The latest full release from Metz is a heart-pounding explosion of noise rock. Atlas Vending takes the band a step up in evolution from 2019’s Automat. While its predecessor may have defined the sound of the band, this latest offering refines and focuses everything into a tightly crafted masterpiece.
The instrumentation for this album is heavy, the drums beat like a sledgehammer making its way through slabs of concrete. The guitars and bass feel like thick cable lines oscillating with great fervor, while the frontman Alex Edkins’ vocals smash through the mix with primal intensity.
The subject matter of these songs are more political in nature, which from the perils of our current social and political climate is almost unavoidable. Edkins addresses anxiety, loneliness and crippling addiction by way of slathering gritty textures and threads of tension in a whirlpool of anger.

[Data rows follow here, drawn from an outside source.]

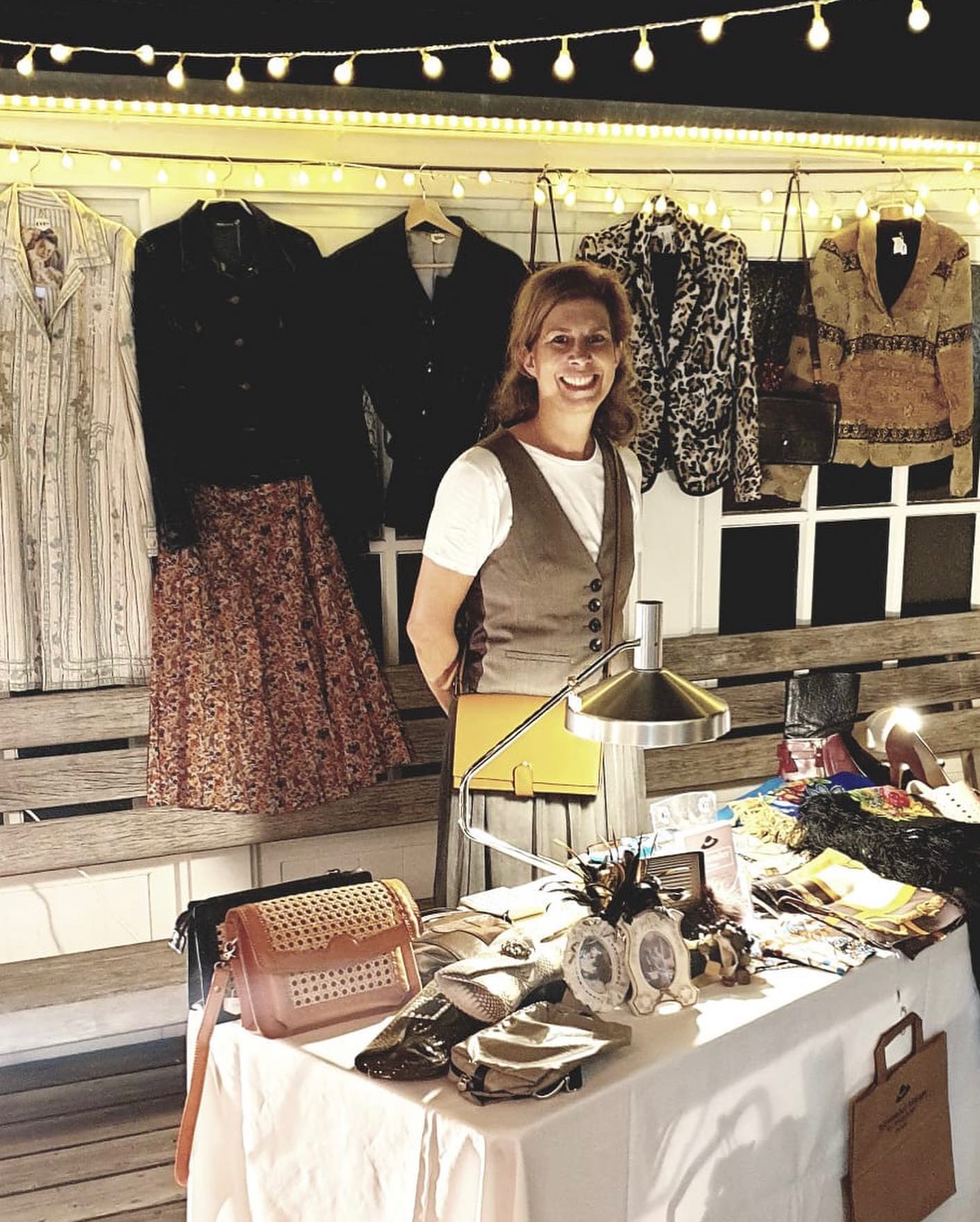 We had a lovely night yesterday at @barfussbar_zuerich with @salon.zueri! An amazing atmosphere in the late summer heat of Zurich ✨
Thank you to everyone for visiting!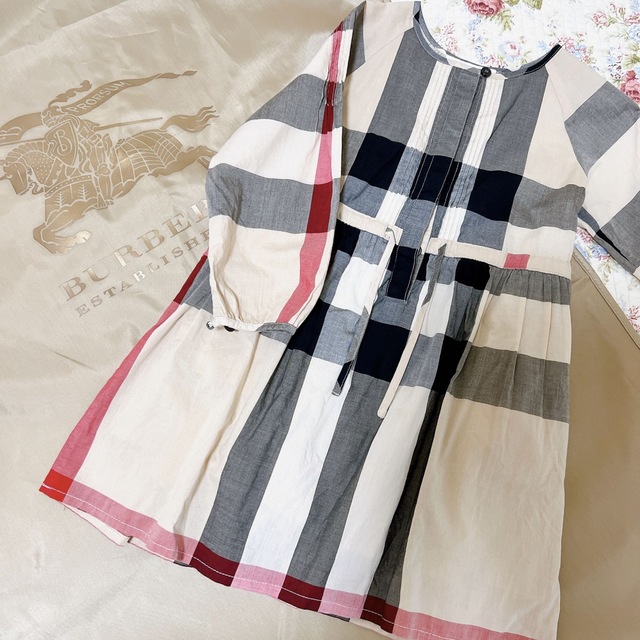 BURBERRY(バーバリー)の【最終お値下げ】　バーバリー　ワンピース　ドレス　100  105  キッズ/ベビー/マタニティのキッズ服女の子用(90cm~)(ワンピース)の商品写真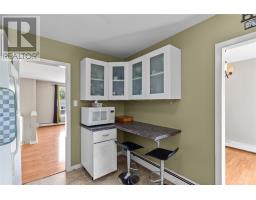 22 Holbrook Avenue thumbnail 4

Opener “Pulse” is a constant rhythmic beat down, with jarring percussion that restlessly throbs and grimy riffs that develop into an emerging panic attack. “Blind Youth Industrial Park” sets the pace for the rest of the album, with blistering movement without a moment of respite. “The words you say have lost the meaning / Can’t seem to find a way to hold on to something more”, Edkins cries to the youth of today, a youth that’s struggling to find its own direction.
While each track finds its own creative way to change up its noise profile, the volume and energy of these songs remain at a constant eleven. “The Mirror” is filled with unnerving sirens flailing behind the mix. “Sugar Pill” blisters on like a speed demon crashing through a spike-filled highway. “Parasite” is a hardcore mosh pit romp that hits the ground running and never slows down for a breath.
But for me its highlights are tracks where the band reaches out to different styles. “No Ceiling” takes on a more melodic note, in a song that celebrates finding a new passion or love–taking inspiration from old-school punk rock ala The Damned or Dookie-era Green Day. “Hail Taxi” is my favorite track of the LP. Composed of two opposite sections that overlap and weave together, The noisy verses collide with a chorus that has refreshingly bright riffs — a liberating feeling that isn’t quite seen in these 10 tracks, which serves as a silver lining from all the rabid aggression.
A well defined sound and the ability to diversify without compromising away from what works makes Atlas Vending a very satisfying listen. These are songs that will unnerve you, shake you to the core and pound every breath out of you, but you’ll keep coming back for more.